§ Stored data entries
====================

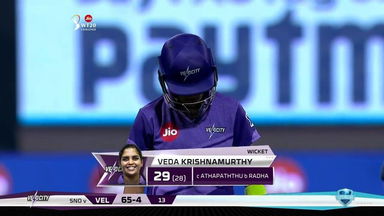 M01: Supernovas vs Velocity – Veda Krishnamurthy Wicket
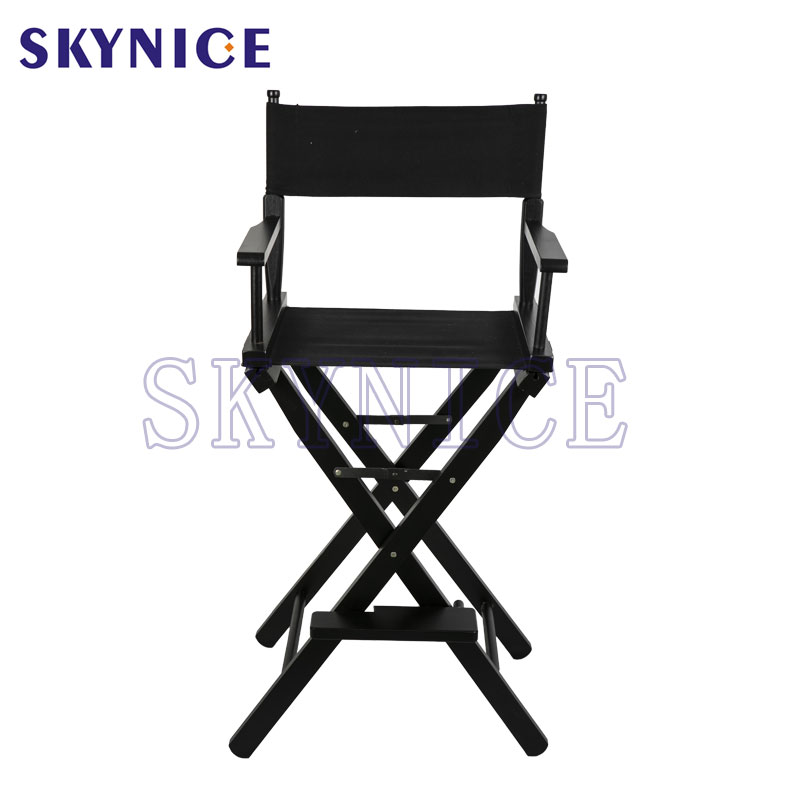 Bar Durable Wooden Folding Black Director Chair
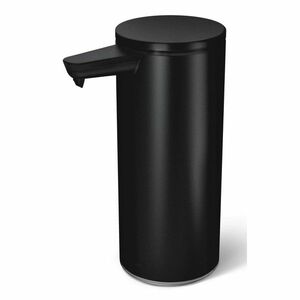 Simplehuman érintésmentes szappanadagoló 266 ml, újratölthető, matt fekete acél, fekete kép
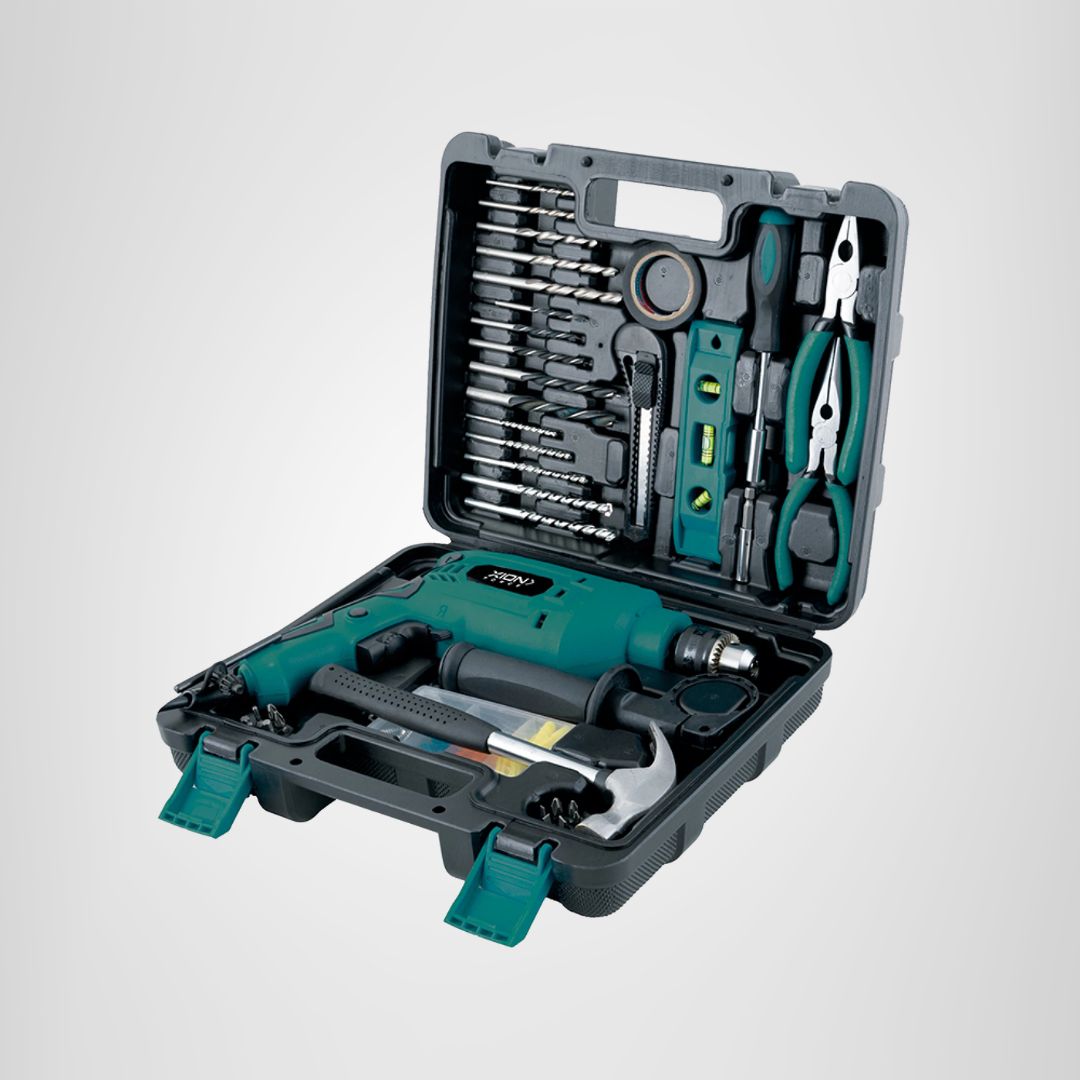 Kit taladro percutor 650w XION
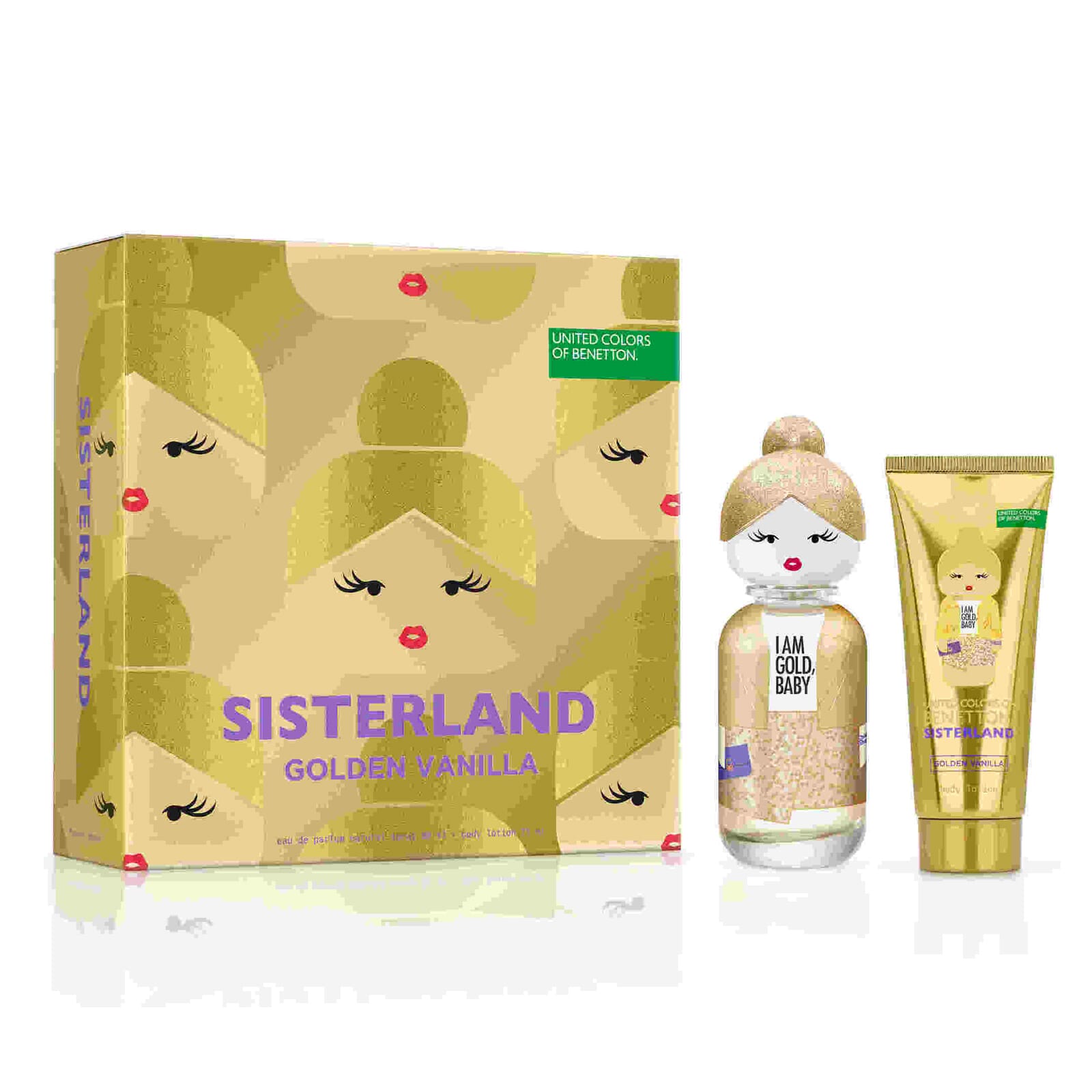 Sisterland Golden Vanilla EDT 80 ml + Body Lotion 75 ml Lote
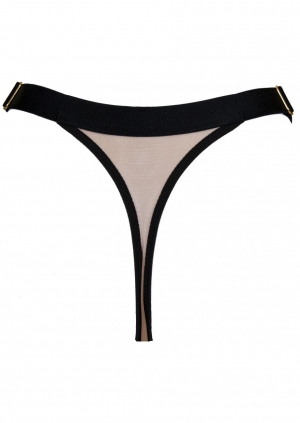 Стильные стринги высокой посадки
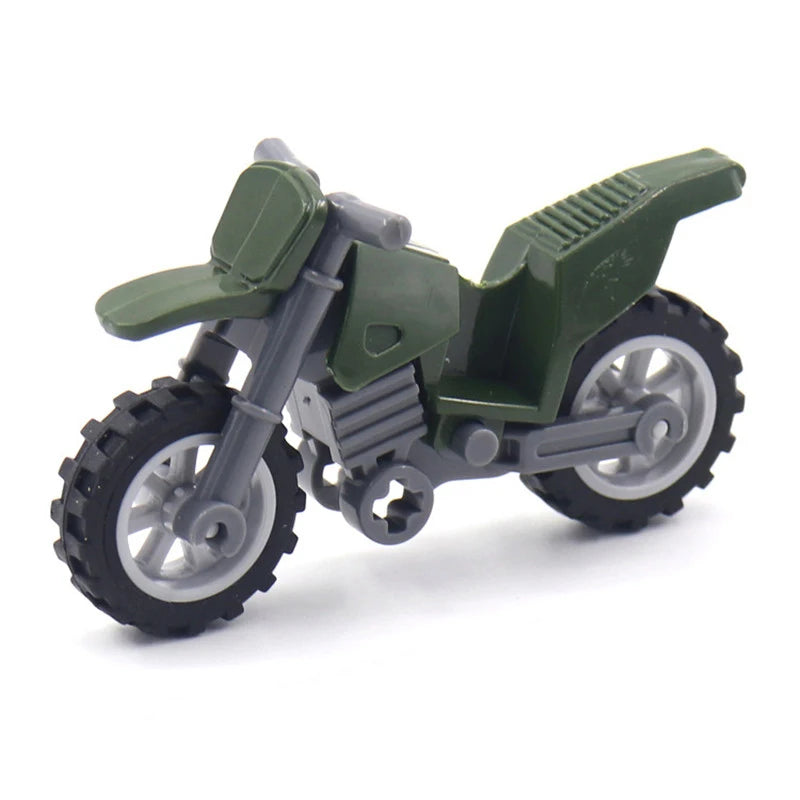 Military Motorcycle Car Weapon Model Building Blocks Educational Toys for Children Gifts City Military Motor Kids Gifts Toy -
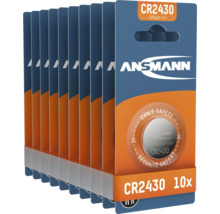 Ansmann CR2430 litiumknappcellsbatterier, 10-pack
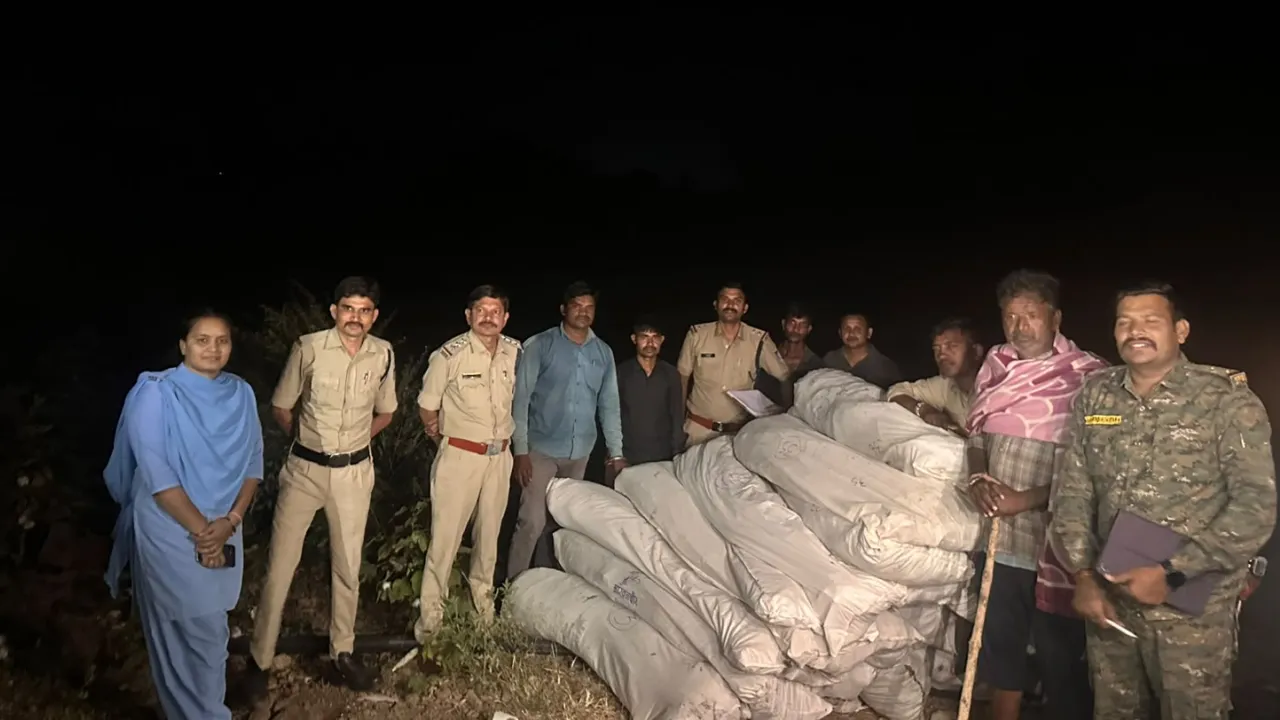 जिले में पुलिस की बड़ी कार्रवाई, 43 लाख रुपए के गांजे के साथ एक गिरफ्तार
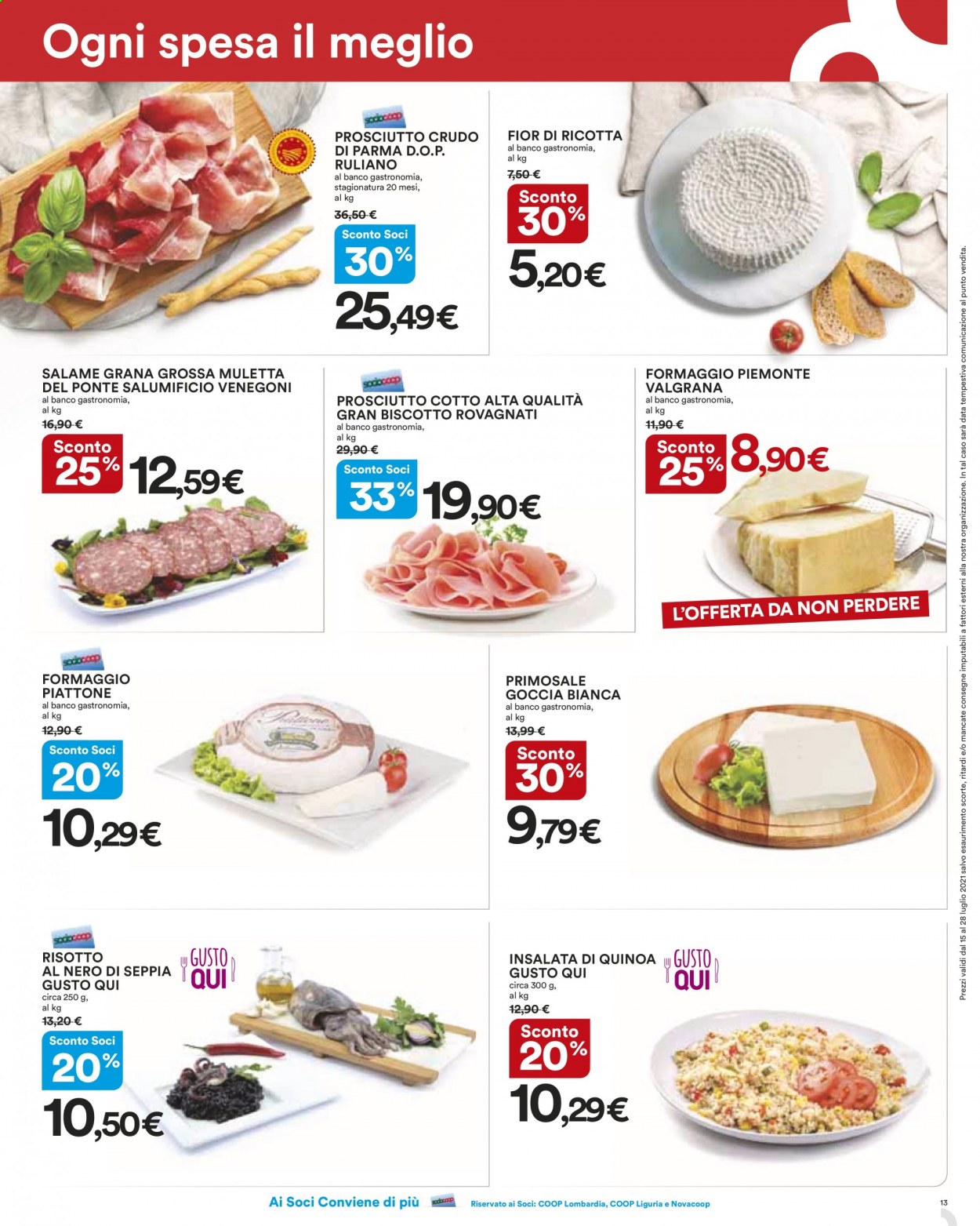 Volantino Coop - 15/7/2021 - 28/7/2021. Pagina 13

====================

§ WORK TO COMPLETE
Give back the entries verbatim but drop every picture.

§ TASK SOLUTION
 M01: Supernovas vs Velocity – Veda Krishnamurthy Wicket
 Bar Durable Wooden Folding Black Director Chair
 Simplehuman érintésmentes szappanadagoló 266 ml, újratölthető, matt fekete acél, fekete kép
 Kit taladro percutor 650w XION
 Sisterland Golden Vanilla EDT 80 ml + Body Lotion 75 ml Lote
 Стильные стринги высокой посадки
 Military Motorcycle Car Weapon Model Building Blocks Educational Toys for Children Gifts City Military Motor Kids Gifts Toy -
 Ansmann CR2430 litiumknappcellsbatterier, 10-pack
 जिले में पुलिस की बड़ी कार्रवाई, 43 लाख रुपए के गांजे के साथ एक गिरफ्तार
 Volantino Coop - 15/7/2021 - 28/7/2021. Pagina 13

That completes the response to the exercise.